With the decline of traditional pensions, many older workers and retirees face a "do it yourself" retirement: You're on your own to figure out how to make your retirement savings last for the rest of your life. With retirements that can extend 20 to 30 years or more, this is indeed a daunting challenge for those who are fortunate enough to accumulate significant savings by the time they retire.
To address this challenge, different thinking and new language is needed to transition from a mindset concerned with accumulating assets for retirement to a mindset concerned with generating income in retirement.
To help with this mindset transition, you can apply portfolio concepts that people have successfully used to accumulate assets in building a portfolio of retirement income. You'll gain valuable insights about this strategy from a recent major study that's a collaboration between the Stanford Center on Longevity (SCL) and the Society of Actuaries (SOA). (Full disclosure: I was a co-author of this study, along with Wade Pfau and Joe Tomlinson.)
When you're saving for retirement, classic investment portfolio theory advocates that you allocate your savings among different types of asset classes, each having distinct characteristics and each expected to perform differently in up vs. down markets. This is called the "asset allocation decision." Applying this theory to asset accumulation means many retirement portfolios have a mix of stocks, bonds and cash investments. This is the common definition of "portfolio diversification."
When you're accumulating assets, investment risk is expressed as the possibility that your portfolio might lose money or not keep up with inflation. The goal of asset allocation is to minimize the odds of these undesirable outcomes over the time horizon that applies to you (typically until the age when you expect to retire).
But things get more complicated when you retire and need to use your savings to generate income for the rest of your life. To help meet your new goals, you can apply portfolio thinking by diversifying your sources of income among different types of retirement income generators (RIGs). You then allocate your retirement income among RIGs that not only perform differently in up vs. down markets but also have different characteristics when it comes to how long your income might last. They may also have other desirable features to meet different life circumstances. This is the "retirement income allocation decision."

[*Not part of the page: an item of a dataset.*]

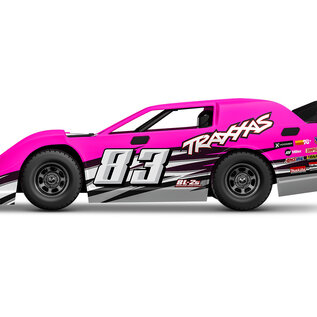 Traxxas TRA104364-74  Pink Slash Late Model BL-2s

Retirement income risk is then expressed as the possibility that the total amount of your retirement income would decrease by an undesirable amount or not keep up with inflation, or that you have insufficient liquid assets at any point. The goal of retirement income allocation is to minimize the odds of these undesirable outcomes for the rest of your life. The uncertainty about how long you'll live is one of the key challenges of retirement income planning.
Here are common goals that you may have for constructing your retirement income portfolio:
- Generate a lifetime retirement income that you can't outlive.
- Maximize the amount of retirement income you expect to be paid over your lifetime.
- Minimize the odds that your total retirement income will fall below an undesirable level, usually due to stock market crashes.
- Provide the potential for growth income to keep up with inflation.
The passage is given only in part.